Kenya charged four men on Monday in connection with the Westgate mall massacre in September, in which at least 67 people were killed, AFP reports.
“The accused persons carried out a terrorist attack at Westgate Shopping Mall on September 21 by supporting a terrorist group,” the charge sheet quoted by the news agency read.
All pleaded not guilty to the charges, which also included entering Kenya illegally and obtaining false identification documents.
None are accused of being the gunmen in the mall.
The four, who are all ethnic Somalis, have been named as Mohammed Ahmed Abdi, Liban Abdullah, Adan Adan and Hussein Hassan.

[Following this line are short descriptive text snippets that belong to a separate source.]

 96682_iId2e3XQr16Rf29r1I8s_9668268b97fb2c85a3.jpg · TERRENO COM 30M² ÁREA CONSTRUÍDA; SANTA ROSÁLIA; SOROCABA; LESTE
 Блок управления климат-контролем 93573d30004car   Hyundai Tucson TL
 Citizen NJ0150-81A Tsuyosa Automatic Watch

The suspects, who had no lawyer, were remanded in custody for one week after the prosecution asked for more time for further investigations.

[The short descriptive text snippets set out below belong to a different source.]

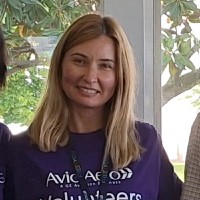 Barbara Pignataro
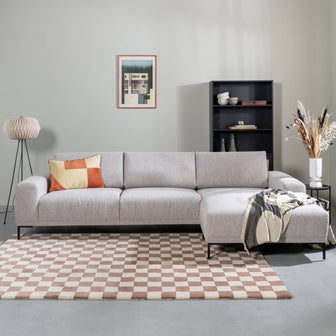 318768-x01-202307061123-Abewerkt.jpg (10256229) 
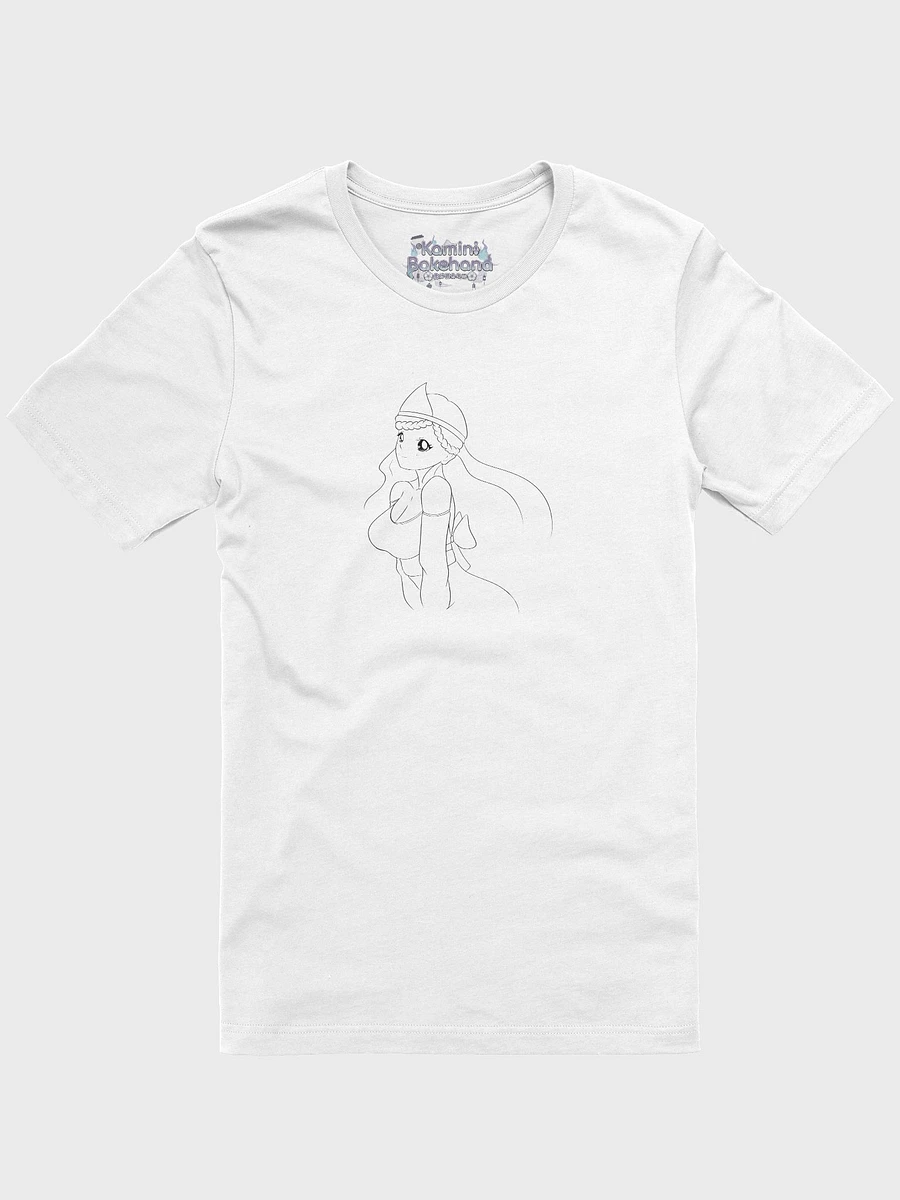 Summer Tee product image (1)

All the gunmen in the Westgate attack - totalling just four, not the dozen that security forces had initially reported - are understood to have died during the four-day siege.
Witnesses in the mall described how the gunmen stormed the crowded complex, firing from the hip and hurling grenades at shoppers and staff.
The gunmen coldly executed scores of people, with witnesses recounting how in some cases they called out to those wounded, then shot them at close range.
The attack was claimed by Somalia's Al-Qaeda-linked Al-Shabaab group as retaliation for Kenya's military presence in Somalia.
Prior to the massacre, Kenya was reportedly warned by several countries, including Israel, that there was a high risk of an attack in the country.
Israeli services also reportedly played a lead role in the investigation into the attack.
Over the weekend, Kenya's air force bombed an Al-Shabaab training camp housing 300 terrorists in Somalia's south-western Dinsoor region.